VA official opposes centralization of IT management

House panel is holding a hearing Thursday to probe the department’s technology management structure.

The Veterans Affairs Department general counsel resisted repeated attempts by the agency's chief information security officer to centralize authority for IT security, according to internal memorandums.

IT management at the VA is gaining congressional attention as lawmakers look into how a long-time agency employee was able to take veterans' sensitive personal records home unauthorized for three years, culminating in last month's data breach. The House Veterans' Affairs Committee is holding a hearing Thursday focusing on the management structure governing IT security.

VA officials have said they believe the department's "federated" IT management model, adopted last year, gives the chief information officer the necessary authority and enforcement powers to improve information security.

But a review of department memos written over last three years and interviews with former agency officials and congressional staff members familiar with the matter reveal an organization intensely resistant to change and program offices tenaciously opposing attempts to impose central authority on the department's wide-ranging technology operations.

VA Secretary James Nicholson has acknowledged in congressional testimony that there is long-standing resistance to change in the department and said Wednesday the agency has become lax in enforcing its security practices.

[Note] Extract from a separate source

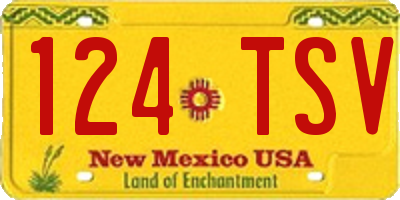 NM license plate 124TSV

An Aug. 1, 2003, memo from the VA's general counsel to Bruce Brody, the department's associate deputy assistant secretary for cyber and information security at the time, declared that the authority to enforce security, including information security, physical security and personnel security, would remain with the respective offices involved.

The memo gave these instructions even though the Clinger Cohen Act grants such authority to the CIO and the 2002 Federal Information Security Management Act leaves it with the chief information security officer, according to two congressional sources.

A second memo from McClain, dated April 7, 2004, reinforced VA's policy, stating that the CIO cannot enforce information security requirements because FISMA uses the word "ensure" with regard to CIO authority, rather than "enforce." If VA organizations fail to comply with information security policies, the CIO's only recourse is to appeal to the department secretary, the memo stated.

McClain and Brody are on the witness list for Thursday's hearing.

In written testimony scheduled to be delivered at the hearing, VA General Counsel Tim McClain, who signed the memo, said FISMA does not provide a means for CIOs to ensure compliance.

McClain argued that the law does not require giving the CIO direct control over agency programs because that type of control "is not the only means" by which information security can be accomplished.

A March, 16, 2004, memo from then-VA Secretary Anthony Principi stated that then-CIO Robert McFarland was responsible for implementing a departmentwide information security program, but McClain said in his testimony that the memo merely stated the secretary's "intention" to give McFarland the "power and authority needed" over employees involved with cybersecurity.

Brody, now vice president for information security at the Reston, Va.-based market research firm INPUT, said his attempts to enforce security policies at the agency were "fought off at every turn by the administrations and program offices that were resistant to change."

"Anything related to central security controls was fiercely resisted," Brody said. "The fragmentation of security in the eyes of the general counsel made it impossible to put a security program in place. Those two memos [from McClain] alone served to fragment security and then clip its wings."

Len Sistek, Democratic staff director for the House Veterans' Affairs Subcommittee on Oversight and Investigations, said it is clear that the CIO had the power to advise and encourage, "but the enforcement teeth rested elsewhere."